== PROBLEM DESCRIPTION ==
Print every line below. Match each one exactly.

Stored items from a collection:
--- START ---

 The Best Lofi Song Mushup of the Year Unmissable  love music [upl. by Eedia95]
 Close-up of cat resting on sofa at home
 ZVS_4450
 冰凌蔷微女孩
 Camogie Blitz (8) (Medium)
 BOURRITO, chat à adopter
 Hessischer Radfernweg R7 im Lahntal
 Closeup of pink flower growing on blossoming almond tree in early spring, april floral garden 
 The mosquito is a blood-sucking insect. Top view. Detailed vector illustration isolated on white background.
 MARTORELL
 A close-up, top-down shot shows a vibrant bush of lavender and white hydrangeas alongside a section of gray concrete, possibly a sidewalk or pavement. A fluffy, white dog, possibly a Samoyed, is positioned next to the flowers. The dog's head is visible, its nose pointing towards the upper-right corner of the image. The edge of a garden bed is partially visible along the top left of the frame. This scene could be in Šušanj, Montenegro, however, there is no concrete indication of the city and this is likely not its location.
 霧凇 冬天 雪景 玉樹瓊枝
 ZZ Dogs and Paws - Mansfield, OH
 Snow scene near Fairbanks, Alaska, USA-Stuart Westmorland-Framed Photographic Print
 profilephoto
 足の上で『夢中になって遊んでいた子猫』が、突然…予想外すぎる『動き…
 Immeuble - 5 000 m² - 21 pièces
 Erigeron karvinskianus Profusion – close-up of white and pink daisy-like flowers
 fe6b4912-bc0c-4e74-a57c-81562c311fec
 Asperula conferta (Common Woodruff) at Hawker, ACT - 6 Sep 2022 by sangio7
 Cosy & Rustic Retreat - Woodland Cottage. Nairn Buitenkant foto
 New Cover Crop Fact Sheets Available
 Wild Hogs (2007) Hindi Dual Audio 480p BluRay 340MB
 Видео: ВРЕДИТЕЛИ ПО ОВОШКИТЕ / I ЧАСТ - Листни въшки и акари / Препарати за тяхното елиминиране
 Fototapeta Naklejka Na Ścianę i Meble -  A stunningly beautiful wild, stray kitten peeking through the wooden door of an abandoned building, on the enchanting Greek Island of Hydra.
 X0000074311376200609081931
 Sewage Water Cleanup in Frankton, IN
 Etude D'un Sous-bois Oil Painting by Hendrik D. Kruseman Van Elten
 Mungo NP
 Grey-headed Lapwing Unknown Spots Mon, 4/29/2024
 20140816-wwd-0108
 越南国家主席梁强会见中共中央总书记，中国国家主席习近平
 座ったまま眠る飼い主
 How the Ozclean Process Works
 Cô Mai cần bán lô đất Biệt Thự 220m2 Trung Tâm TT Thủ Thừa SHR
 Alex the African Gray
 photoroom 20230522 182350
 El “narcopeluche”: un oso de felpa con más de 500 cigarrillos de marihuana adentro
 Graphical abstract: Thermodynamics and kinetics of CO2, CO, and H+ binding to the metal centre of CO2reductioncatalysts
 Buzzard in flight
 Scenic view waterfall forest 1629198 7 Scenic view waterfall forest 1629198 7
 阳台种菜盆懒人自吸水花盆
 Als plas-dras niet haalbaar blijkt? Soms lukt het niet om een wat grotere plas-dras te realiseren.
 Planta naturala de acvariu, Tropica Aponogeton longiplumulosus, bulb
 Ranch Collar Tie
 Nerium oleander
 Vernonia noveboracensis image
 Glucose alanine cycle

--- END ---

== EXPECTED ANSWER ==
 The Best Lofi Song Mushup of the Year Unmissable  love music [upl. by Eedia95]
 Close-up of cat resting on sofa at home
 ZVS_4450
 冰凌蔷微女孩
 Camogie Blitz (8) (Medium)
 BOURRITO, chat à adopter
 Hessischer Radfernweg R7 im Lahntal
 Closeup of pink flower growing on blossoming almond tree in early spring, april floral garden 
 The mosquito is a blood-sucking insect. Top view. Detailed vector illustration isolated on white background.
 MARTORELL
 A close-up, top-down shot shows a vibrant bush of lavender and white hydrangeas alongside a section of gray concrete, possibly a sidewalk or pavement. A fluffy, white dog, possibly a Samoyed, is positioned next to the flowers. The dog's head is visible, its nose pointing towards the upper-right corner of the image. The edge of a garden bed is partially visible along the top left of the frame. This scene could be in Šušanj, Montenegro, however, there is no concrete indication of the city and this is likely not its location.
 霧凇 冬天 雪景 玉樹瓊枝
 ZZ Dogs and Paws - Mansfield, OH
 Snow scene near Fairbanks, Alaska, USA-Stuart Westmorland-Framed Photographic Print
 profilephoto
 足の上で『夢中になって遊んでいた子猫』が、突然…予想外すぎる『動き…
 Immeuble - 5 000 m² - 21 pièces
 Erigeron karvinskianus Profusion – close-up of white and pink daisy-like flowers
 fe6b4912-bc0c-4e74-a57c-81562c311fec
 Asperula conferta (Common Woodruff) at Hawker, ACT - 6 Sep 2022 by sangio7
 Cosy & Rustic Retreat - Woodland Cottage. Nairn Buitenkant foto
 New Cover Crop Fact Sheets Available
 Wild Hogs (2007) Hindi Dual Audio 480p BluRay 340MB
 Видео: ВРЕДИТЕЛИ ПО ОВОШКИТЕ / I ЧАСТ - Листни въшки и акари / Препарати за тяхното елиминиране
 Fototapeta Naklejka Na Ścianę i Meble -  A stunningly beautiful wild, stray kitten peeking through the wooden door of an abandoned building, on the enchanting Greek Island of Hydra.
 X0000074311376200609081931
 Sewage Water Cleanup in Frankton, IN
 Etude D'un Sous-bois Oil Painting by Hendrik D. Kruseman Van Elten
 Mungo NP
 Grey-headed Lapwing Unknown Spots Mon, 4/29/2024
 20140816-wwd-0108
 越南国家主席梁强会见中共中央总书记，中国国家主席习近平
 座ったまま眠る飼い主
 How the Ozclean Process Works
 Cô Mai cần bán lô đất Biệt Thự 220m2 Trung Tâm TT Thủ Thừa SHR
 Alex the African Gray
 photoroom 20230522 182350
 El “narcopeluche”: un oso de felpa con más de 500 cigarrillos de marihuana adentro
 Graphical abstract: Thermodynamics and kinetics of CO2, CO, and H+ binding to the metal centre of CO2reductioncatalysts
 Buzzard in flight
 Scenic view waterfall forest 1629198 7 Scenic view waterfall forest 1629198 7
 阳台种菜盆懒人自吸水花盆
 Als plas-dras niet haalbaar blijkt? Soms lukt het niet om een wat grotere plas-dras te realiseren.
 Planta naturala de acvariu, Tropica Aponogeton longiplumulosus, bulb
 Ranch Collar Tie
 Nerium oleander
 Vernonia noveboracensis image
 Glucose alanine cycle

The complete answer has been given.